DATA SHOWN:
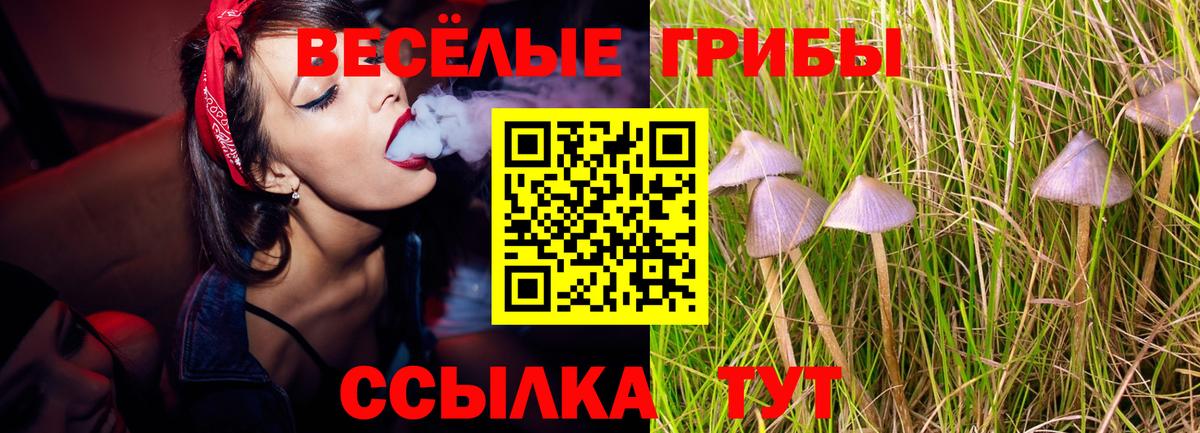 купить наркотики сайты  Вход с VPN  Ставрополь  Галлюциногенные грибы мухоморы 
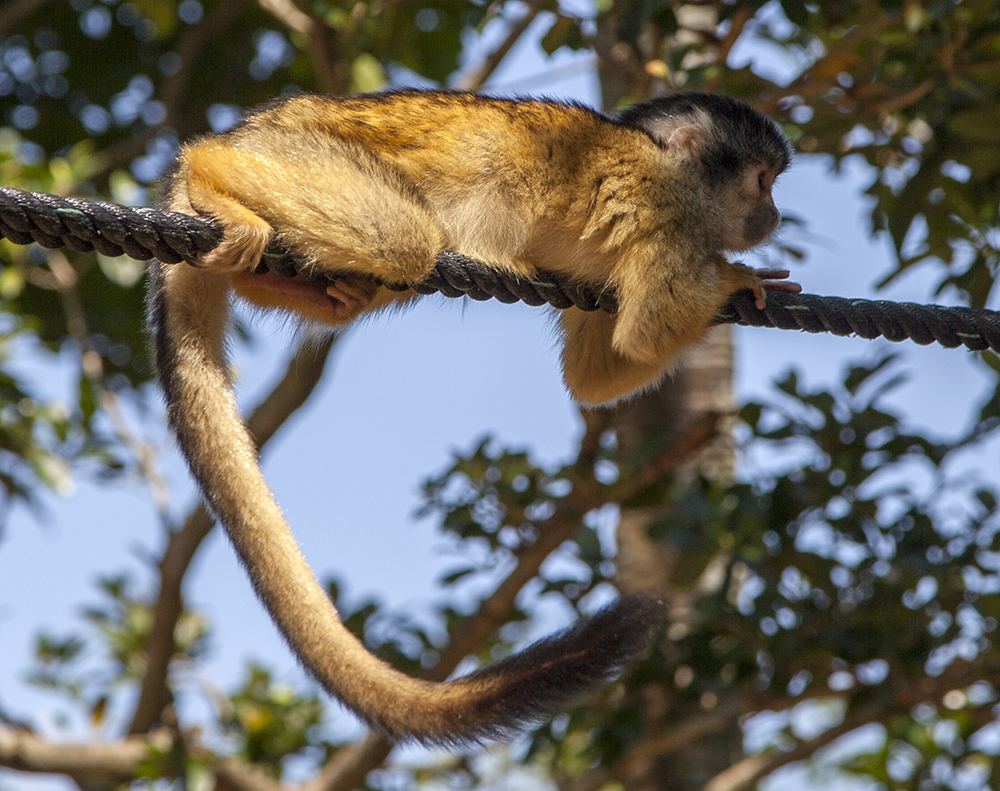 日本除了爱泡澡的温泉猴，还有这群爱翻女生包包的“扒手猴”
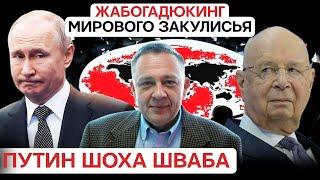 Путин работает на Шваба !? Степан Демура про Жабогадюкинг мирового закулисья (07.10.2024)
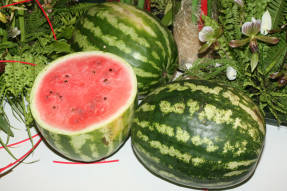 Watermeloen geteeld in de middelste baan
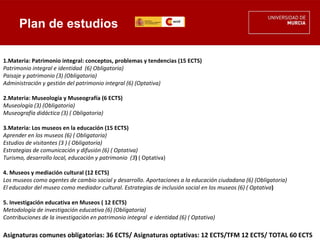 Plan de estudios

1.Materia: Patrimonio integral: conceptos, problemas y tendencias (15 ECTS)
Patrimonio integral e identidad (6) Obligatoria)
Paisaje y patrimonio (3) (Obligatoria)
Administración y gestión del patrimonio integral (6) (Optativa)
 
2.Materia: Museología y Museografía (6 ECTS)
Museología (3) (Obligatoria)
Museografía didáctica (3) ( Obligatoria)
 
3.Materia: Los museos en la educación (15 ECTS)
Aprender en los museos (6) ( Obligatoria)
Estudios de visitantes (3 ) ( Obligatoria)
Estrategias de comunicación y difusión (6) ( Optativa)
Turismo, desarrollo local, educación y patrimonio (3) ( Optativa)
 
4. Museos y mediación cultural (12 ECTS)
Los museos como agentes de cambio social y desarrollo. Aportaciones a la educación ciudadana (6) (Obligatoria)
El educador del museo como mediador cultural. Estrategias de inclusión social en los museos (6) ( Optativa)

5. Investigación educativa en Museos ( 12 ECTS)
Metodología de investigación educativa (6) (Obligatoria)
Contribuciones de la investigación en patrimonio integral e identidad (6) ( Optativa)
  
Asignaturas comunes obligatorias: 36 ECTS/ Asignaturas optativas: 12 ECTS/TFM 12 ECTS/ TOTAL 60 ECTS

REQUIRED ACTION: After dropping the pictures, reproduce exactly the lines from the first line of the entries through the line containing "Patrimonio integral e identidad (6) Obligatoria)", both included.

WORKED SOLUTION:
 купить наркотики сайты  Вход с VPN  Ставрополь  Галлюциногенные грибы мухоморы 
 日本除了爱泡澡的温泉猴，还有这群爱翻女生包包的“扒手猴”
 Путин работает на Шваба !? Степан Демура про Жабогадюкинг мирового закулисья (07.10.2024)
 Watermeloen geteeld in de middelste baan
 Plan de estudios

1.Materia: Patrimonio integral: conceptos, problemas y tendencias (15 ECTS)
Patrimonio integral e identidad (6) Obligatoria)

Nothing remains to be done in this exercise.